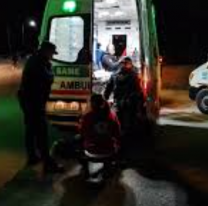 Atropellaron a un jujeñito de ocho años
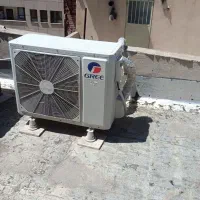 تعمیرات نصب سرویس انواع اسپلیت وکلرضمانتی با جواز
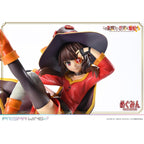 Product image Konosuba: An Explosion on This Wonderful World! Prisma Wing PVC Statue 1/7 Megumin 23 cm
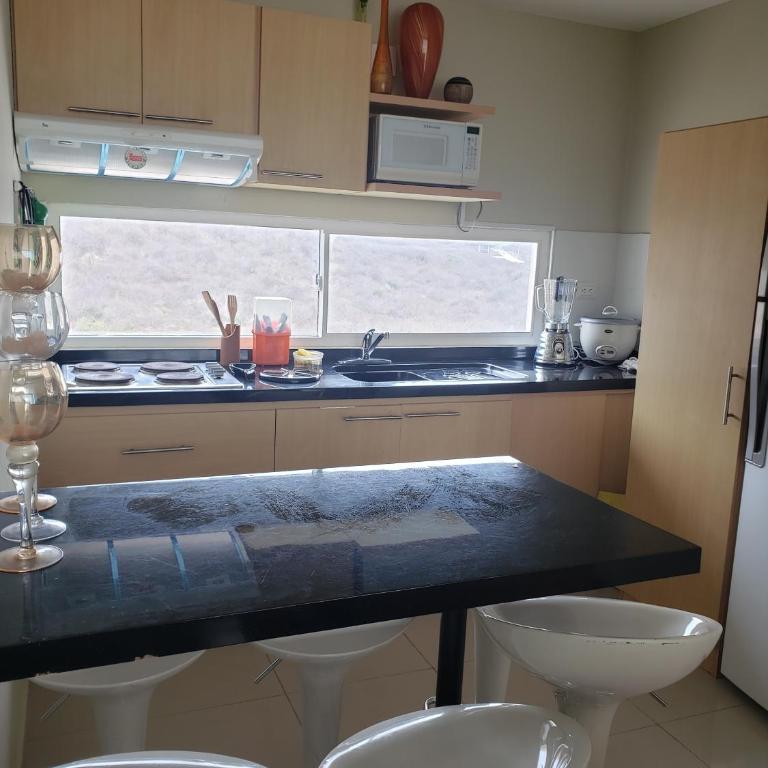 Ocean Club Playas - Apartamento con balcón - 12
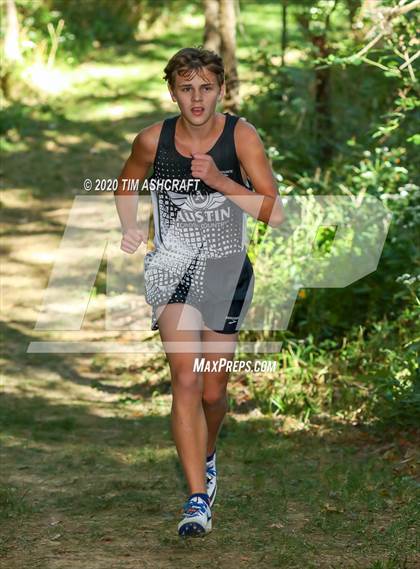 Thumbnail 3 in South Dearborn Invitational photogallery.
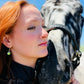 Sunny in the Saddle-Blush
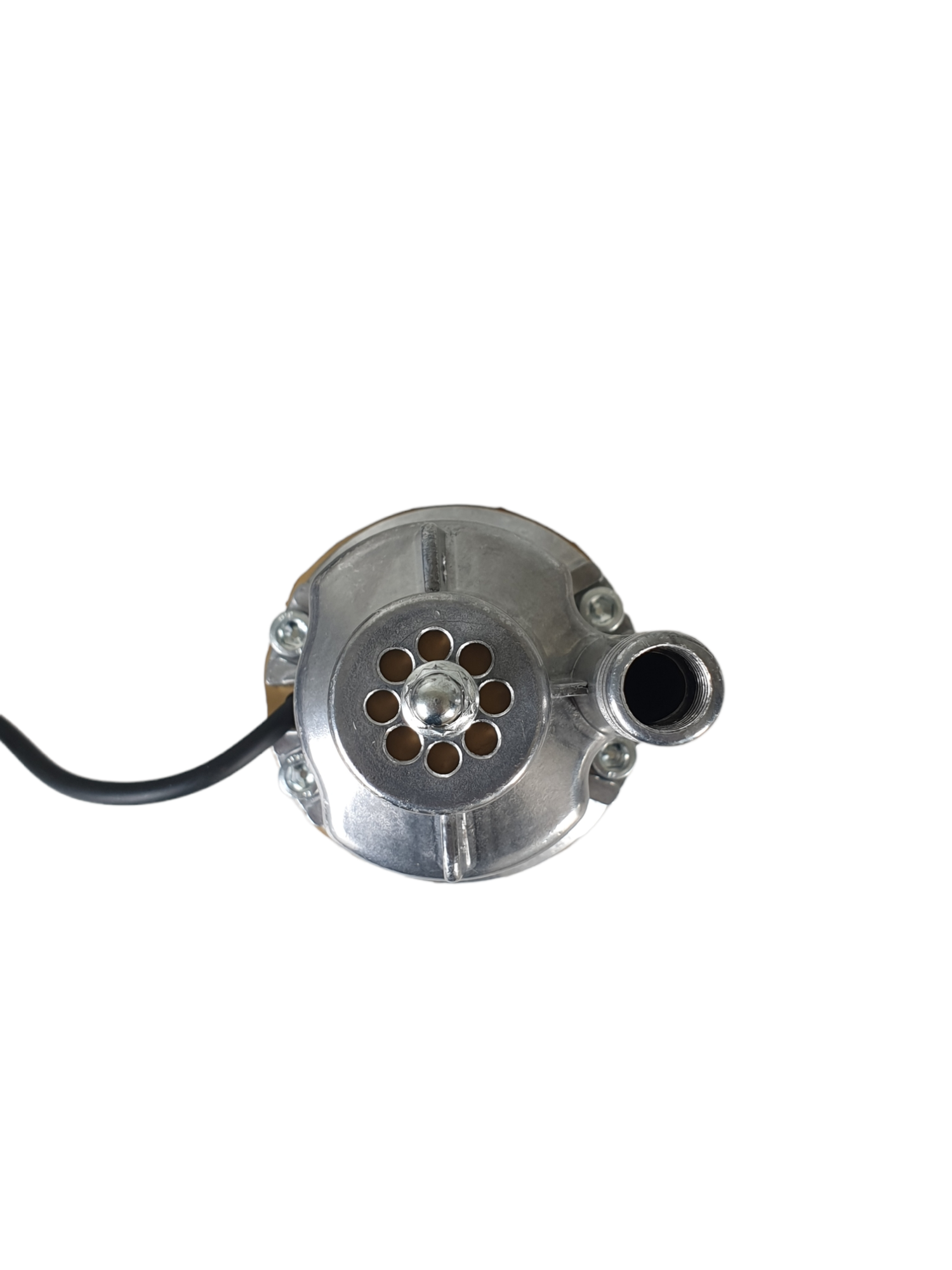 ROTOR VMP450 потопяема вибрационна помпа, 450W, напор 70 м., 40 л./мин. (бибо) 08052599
◇ ◇ ◇ ◇ ◇
**EXERCISE OBJECTIVE**
All of the preceding material should be output verbatim, with the pictures excluded.

**YOUR RESPONSE**
 Atropellaron a un jujeñito de ocho años
 تعمیرات نصب سرویس انواع اسپلیت وکلرضمانتی با جواز
 Product image Konosuba: An Explosion on This Wonderful World! Prisma Wing PVC Statue 1/7 Megumin 23 cm
 Ocean Club Playas - Apartamento con balcón - 12
 Thumbnail 3 in South Dearborn Invitational photogallery.
 Sunny in the Saddle-Blush
 ROTOR VMP450 потопяема вибрационна помпа, 450W, напор 70 м., 40 л./мин. (бибо) 08052599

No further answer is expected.